+++ Data
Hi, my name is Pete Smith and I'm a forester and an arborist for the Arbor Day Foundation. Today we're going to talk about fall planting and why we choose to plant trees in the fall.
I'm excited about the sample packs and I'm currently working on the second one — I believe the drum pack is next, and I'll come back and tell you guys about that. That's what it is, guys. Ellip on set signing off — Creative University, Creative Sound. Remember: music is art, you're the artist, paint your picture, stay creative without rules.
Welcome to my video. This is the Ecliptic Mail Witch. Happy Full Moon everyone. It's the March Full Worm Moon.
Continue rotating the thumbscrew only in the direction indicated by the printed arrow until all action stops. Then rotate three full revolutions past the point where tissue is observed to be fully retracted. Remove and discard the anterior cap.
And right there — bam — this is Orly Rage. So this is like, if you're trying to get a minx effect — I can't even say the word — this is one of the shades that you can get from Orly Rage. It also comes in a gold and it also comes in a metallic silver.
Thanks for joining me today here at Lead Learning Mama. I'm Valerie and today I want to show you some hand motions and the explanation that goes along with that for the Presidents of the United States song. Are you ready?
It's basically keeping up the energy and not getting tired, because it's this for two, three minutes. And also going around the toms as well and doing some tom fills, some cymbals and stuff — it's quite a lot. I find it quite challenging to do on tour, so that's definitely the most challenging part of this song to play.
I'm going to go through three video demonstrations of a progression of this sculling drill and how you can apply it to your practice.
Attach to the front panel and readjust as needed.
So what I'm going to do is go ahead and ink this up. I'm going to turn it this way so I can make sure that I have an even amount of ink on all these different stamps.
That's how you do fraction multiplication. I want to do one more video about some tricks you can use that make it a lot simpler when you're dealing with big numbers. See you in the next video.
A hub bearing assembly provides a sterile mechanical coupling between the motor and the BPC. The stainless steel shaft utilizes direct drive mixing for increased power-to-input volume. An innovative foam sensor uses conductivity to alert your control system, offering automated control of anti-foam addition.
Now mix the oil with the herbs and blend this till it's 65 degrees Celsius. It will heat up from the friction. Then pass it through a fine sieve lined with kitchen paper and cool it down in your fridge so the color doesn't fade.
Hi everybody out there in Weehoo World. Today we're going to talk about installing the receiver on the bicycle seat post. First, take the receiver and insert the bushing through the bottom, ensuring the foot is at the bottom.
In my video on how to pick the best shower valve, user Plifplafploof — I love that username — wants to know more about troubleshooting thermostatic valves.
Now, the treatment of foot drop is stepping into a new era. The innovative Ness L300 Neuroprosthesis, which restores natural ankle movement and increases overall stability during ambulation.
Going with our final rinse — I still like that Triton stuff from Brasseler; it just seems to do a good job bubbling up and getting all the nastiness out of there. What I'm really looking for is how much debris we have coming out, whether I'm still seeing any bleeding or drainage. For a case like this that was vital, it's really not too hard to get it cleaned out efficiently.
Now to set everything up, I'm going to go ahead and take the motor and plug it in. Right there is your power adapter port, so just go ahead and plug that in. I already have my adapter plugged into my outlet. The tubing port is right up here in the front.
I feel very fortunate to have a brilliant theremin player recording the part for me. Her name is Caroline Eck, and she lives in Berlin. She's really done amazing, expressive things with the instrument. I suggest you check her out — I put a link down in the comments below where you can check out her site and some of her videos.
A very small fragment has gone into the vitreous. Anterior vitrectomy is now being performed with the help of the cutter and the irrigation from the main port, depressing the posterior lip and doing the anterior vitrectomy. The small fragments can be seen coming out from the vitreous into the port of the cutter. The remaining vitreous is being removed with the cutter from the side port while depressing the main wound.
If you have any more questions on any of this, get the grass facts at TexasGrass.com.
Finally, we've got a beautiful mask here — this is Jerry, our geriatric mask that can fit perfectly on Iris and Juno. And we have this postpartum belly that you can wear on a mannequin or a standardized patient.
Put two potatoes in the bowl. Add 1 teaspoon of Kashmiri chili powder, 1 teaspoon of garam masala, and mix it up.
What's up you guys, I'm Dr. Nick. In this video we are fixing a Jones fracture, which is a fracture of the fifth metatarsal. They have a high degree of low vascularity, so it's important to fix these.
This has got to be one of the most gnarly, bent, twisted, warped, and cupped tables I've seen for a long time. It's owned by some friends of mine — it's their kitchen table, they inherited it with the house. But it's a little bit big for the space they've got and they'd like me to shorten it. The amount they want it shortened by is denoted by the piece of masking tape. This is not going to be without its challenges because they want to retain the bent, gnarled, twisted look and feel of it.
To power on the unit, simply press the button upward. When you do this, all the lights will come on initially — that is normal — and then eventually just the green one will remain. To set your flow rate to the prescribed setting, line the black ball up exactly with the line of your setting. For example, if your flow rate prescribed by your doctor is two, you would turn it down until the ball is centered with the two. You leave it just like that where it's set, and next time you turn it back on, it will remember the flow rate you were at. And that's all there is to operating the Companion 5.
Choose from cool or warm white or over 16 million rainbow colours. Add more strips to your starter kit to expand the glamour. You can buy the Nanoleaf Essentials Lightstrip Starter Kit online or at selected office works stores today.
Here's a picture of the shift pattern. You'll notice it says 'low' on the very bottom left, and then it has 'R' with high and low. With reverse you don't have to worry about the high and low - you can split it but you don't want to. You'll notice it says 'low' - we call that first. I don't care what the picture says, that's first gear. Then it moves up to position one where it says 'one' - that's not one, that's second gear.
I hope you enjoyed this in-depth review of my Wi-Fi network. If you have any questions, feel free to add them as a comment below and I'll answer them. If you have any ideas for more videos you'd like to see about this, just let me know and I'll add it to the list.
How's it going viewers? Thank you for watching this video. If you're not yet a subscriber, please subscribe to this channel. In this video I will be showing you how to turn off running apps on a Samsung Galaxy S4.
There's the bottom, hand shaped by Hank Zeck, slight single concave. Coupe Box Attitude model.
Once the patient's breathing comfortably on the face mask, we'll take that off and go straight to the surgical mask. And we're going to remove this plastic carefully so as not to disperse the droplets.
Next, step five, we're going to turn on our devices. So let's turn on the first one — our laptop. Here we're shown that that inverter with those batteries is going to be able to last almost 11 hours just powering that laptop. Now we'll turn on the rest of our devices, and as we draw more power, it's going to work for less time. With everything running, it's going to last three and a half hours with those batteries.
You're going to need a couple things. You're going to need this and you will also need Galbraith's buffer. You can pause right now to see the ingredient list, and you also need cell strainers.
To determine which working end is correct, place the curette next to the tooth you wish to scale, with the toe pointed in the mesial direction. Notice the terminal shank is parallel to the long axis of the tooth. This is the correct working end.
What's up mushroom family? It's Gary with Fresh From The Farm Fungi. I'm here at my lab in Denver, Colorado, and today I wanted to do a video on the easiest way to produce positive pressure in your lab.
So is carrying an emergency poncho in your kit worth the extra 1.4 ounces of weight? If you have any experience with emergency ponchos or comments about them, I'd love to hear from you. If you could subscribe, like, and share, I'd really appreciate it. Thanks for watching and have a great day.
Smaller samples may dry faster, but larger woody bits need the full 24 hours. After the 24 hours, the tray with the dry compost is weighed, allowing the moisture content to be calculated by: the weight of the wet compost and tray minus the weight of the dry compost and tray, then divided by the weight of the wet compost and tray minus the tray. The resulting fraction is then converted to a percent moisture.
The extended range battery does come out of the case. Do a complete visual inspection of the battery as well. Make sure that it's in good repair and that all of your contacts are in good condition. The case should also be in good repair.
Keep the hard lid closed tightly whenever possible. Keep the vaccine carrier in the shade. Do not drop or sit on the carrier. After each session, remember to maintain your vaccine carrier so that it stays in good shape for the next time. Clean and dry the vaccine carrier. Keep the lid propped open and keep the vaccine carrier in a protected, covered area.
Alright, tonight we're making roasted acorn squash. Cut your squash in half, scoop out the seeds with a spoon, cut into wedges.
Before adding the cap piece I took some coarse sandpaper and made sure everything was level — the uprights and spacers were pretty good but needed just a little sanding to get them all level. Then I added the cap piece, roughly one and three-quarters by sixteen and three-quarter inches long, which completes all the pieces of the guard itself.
++++++
_What needs to be done_.
Precisely the lines between those holding "What's up you" and "This has got", inclusive, are to be reproduced from the listing above, with nothing added.

_Task answer_.
What's up you guys, I'm Dr. Nick. In this video we are fixing a Jones fracture, which is a fracture of the fifth metatarsal. They have a high degree of low vascularity, so it's important to fix these.
This has got to be one of the most gnarly, bent, twisted, warped, and cupped tables I've seen for a long time. It's owned by some friends of mine — it's their kitchen table, they inherited it with the house. But it's a little bit big for the space they've got and they'd like me to shorten it. The amount they want it shortened by is denoted by the piece of masking tape. This is not going to be without its challenges because they want to retain the bent, gnarled, twisted look and feel of it.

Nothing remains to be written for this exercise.